TRY IT.
Where does the string "picture" appear in the listing below? Copy every line where it does.
+++ MATERIAL PROVIDED
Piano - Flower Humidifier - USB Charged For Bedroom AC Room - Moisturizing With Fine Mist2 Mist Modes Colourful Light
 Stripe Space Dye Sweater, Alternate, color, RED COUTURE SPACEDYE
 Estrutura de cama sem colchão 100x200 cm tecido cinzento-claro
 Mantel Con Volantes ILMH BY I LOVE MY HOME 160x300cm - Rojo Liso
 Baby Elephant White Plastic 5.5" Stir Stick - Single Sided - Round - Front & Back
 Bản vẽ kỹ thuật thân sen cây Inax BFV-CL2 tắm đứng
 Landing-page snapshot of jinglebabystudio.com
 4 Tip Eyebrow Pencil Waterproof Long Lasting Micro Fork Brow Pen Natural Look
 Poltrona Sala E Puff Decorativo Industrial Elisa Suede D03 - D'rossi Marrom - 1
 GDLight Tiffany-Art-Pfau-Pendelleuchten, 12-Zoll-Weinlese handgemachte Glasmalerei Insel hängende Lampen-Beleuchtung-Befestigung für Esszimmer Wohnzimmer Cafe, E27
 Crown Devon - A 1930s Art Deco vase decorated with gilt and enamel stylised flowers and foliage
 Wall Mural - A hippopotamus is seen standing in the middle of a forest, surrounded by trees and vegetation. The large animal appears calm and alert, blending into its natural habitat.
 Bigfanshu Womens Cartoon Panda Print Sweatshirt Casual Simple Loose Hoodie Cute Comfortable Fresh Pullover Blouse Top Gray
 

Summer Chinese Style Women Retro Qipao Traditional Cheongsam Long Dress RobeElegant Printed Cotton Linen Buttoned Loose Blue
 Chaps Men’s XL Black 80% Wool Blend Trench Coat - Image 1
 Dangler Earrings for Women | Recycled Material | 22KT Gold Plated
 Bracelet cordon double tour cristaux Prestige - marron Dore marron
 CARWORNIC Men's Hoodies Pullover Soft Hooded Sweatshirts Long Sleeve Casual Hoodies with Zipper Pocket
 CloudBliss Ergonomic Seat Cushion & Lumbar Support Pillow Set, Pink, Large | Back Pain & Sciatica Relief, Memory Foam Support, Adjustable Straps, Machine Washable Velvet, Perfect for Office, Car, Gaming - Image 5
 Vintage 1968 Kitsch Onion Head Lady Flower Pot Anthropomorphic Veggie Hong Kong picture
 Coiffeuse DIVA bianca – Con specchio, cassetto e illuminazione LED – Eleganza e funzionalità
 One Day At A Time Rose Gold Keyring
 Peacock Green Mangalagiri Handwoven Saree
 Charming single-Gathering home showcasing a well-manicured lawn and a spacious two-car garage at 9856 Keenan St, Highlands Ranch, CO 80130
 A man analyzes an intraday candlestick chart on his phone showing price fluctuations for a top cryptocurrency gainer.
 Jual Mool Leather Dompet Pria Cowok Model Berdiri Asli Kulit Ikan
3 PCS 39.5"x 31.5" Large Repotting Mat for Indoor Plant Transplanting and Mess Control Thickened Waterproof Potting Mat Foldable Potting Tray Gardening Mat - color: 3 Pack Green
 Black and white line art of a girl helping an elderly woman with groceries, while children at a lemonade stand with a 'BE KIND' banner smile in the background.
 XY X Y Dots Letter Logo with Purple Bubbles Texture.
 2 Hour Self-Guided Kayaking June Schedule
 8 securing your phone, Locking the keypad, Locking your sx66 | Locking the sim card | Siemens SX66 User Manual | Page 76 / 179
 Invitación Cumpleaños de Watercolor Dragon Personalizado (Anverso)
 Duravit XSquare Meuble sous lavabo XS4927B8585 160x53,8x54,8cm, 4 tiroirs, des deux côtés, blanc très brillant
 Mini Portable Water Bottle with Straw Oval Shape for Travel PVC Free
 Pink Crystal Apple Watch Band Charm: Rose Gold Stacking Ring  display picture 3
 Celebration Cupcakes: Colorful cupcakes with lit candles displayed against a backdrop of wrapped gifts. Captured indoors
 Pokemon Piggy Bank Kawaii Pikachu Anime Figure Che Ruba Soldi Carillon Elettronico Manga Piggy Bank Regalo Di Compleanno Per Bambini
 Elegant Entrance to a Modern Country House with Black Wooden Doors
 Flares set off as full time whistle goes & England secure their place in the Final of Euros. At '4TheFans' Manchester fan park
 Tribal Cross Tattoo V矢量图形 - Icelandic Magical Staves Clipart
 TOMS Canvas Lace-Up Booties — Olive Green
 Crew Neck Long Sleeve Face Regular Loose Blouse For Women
++++++
REPLY TO THE TASK.
 Vintage 1968 Kitsch Onion Head Lady Flower Pot Anthropomorphic Veggie Hong Kong picture
 Pink Crystal Apple Watch Band Charm: Rose Gold Stacking Ring  display picture 3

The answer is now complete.